Estamos estreando a coluna “Estante Cultuve” com muita alegria. Quando recebi o convite de Valquíria Imperiano, presidente da Cultive Litteraturé, Art Solidarité

(Associação Cultive, Literatura, Arte e Solidariedade), já imaginava o desafio que viria pela frente. A Cultive, além de estar muito presente no cenário cultural internacional – sua sede é em Genebra -, tem o mérito de reunir artistas e ativistas culturais de grande talento e reconhecimento internacional, então, honrar essa função de colunista para a Revista Cultive só poderia exigir o melhor de mim. Decidimos trilhar um caminho que tanto vai ao encontro dos princípios que norteiam as atividades na Cultive, associação, como reafirma na revista o perfil construído com rigor e competência que na divulgação de valores estéticos e personalidades do campo cultural, englobando todas as linguagens. A partir disso, a coluna trará a cada edição uma resenha crítica de uma obra literária de um cultivador ou cultivadora e eventualmente entrevistas exclusivas concedidas à colunista, por ocasião de pesquisas ou eventos.

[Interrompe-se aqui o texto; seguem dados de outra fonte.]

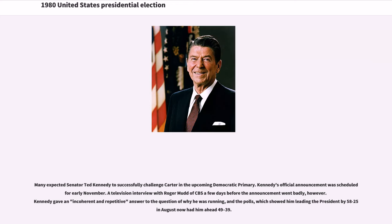Many expected Senator Ted Kennedy to successfully challenge Carter in the upcoming Democratic primary. Kennedy's official announcement was scheduled for early November, but a television interview with Roger Mudd of CBS a few days before the announcement went badly. Kennedy gave an incoherent and repetitive answer to the question of why he was running, and polls that had shown him leading the president 58 to 25 in August now had him ahead only 49 to 39.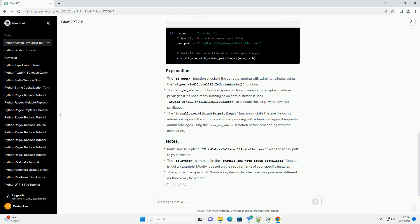It uses ctypes.windll.shell32.ShellExecuteW to execute the script with elevated privileges. The install_exe_with_admin_privileges function installs the .exe file using admin privileges.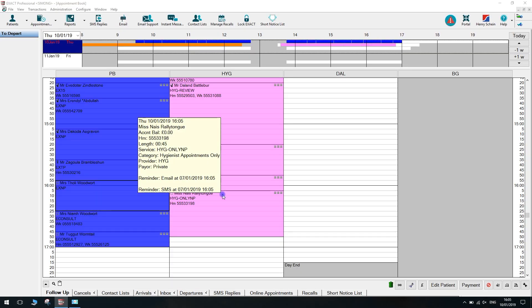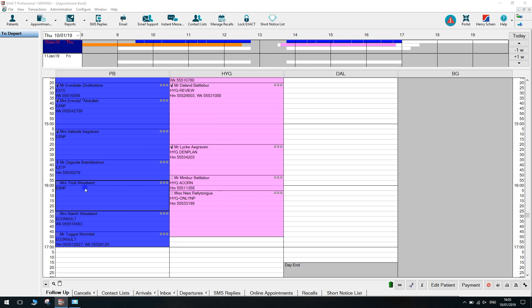Hello, my name is Pat and I work on the Support Help Desk. Today I'm going to take you through how to move a patient to the chair and then return to the waiting room.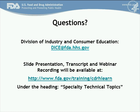Thank you. This is Irene Aihie and we appreciate your participation and questions today. Please remember that this presentation will be available on the CDRH Learn section of FDA.gov under the heading Specialty Topics. The written transcript and recording will be available on Monday, October 20th. If you have additional questions, please use the contact information provided at the end of the slide presentation. Thank you for your participation. This concludes today's webinar.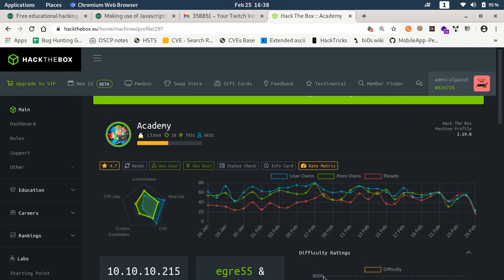Welcome to my channel at MiralGhost. In this video I'll be showing you how to root this box, Academy, which is a medium difficulty machine from Hack the Box.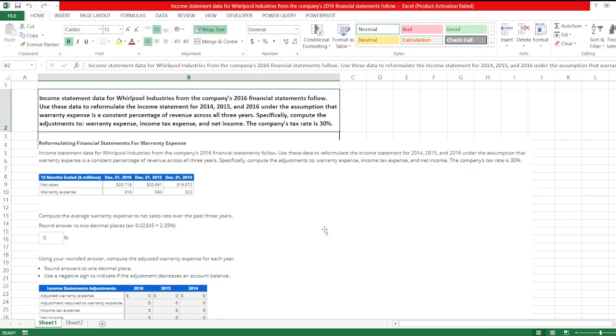Income statement data for Whirlpool Industries from the company's 2016 financial statements follow. Use this data to reformulate the income statement for 2014, 2015, and 2016 under the assumption that warranty expense is a constant percentage of revenue across all three years.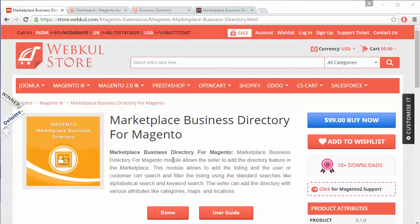Hello everyone, let's start with a new video of Marketplace Business Directory for Magento. This module is highly beneficial for marketplace users. After installation, admin gives a unique feature to the seller to add business directories to their profile. Admin can also create different categories of sellers, in which admin can easily set limits to add a business directory for the sellers.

O gênero textual “resenha crítica” tem como objetivo principal apresentar uma obra artística, um 80 Revue Cultive - Genève evento (objeto apreciado) ou um acontecimento estético ou cultural de maneira resumida com apreciação técnica e autoral. e, no caso, preferencialmente, literária. É um convite à leitura. O termo crítica tem sua ligação mais íntima com a etimologia. Segundo o filósofo Emanuel Carneiro Leão (UFRJ) em Aprendendo a Pensar: "Etimologicamente, crítica provém do verbo grego krinein, cujo primeiro sentido é ‘separar para distinguir' o que há de característico e constitutivo. Essa separação distinta se exerce, remontando à ordem dos fundamentos constituintes e por isso elevando-se a uma ordem superior, à originária”.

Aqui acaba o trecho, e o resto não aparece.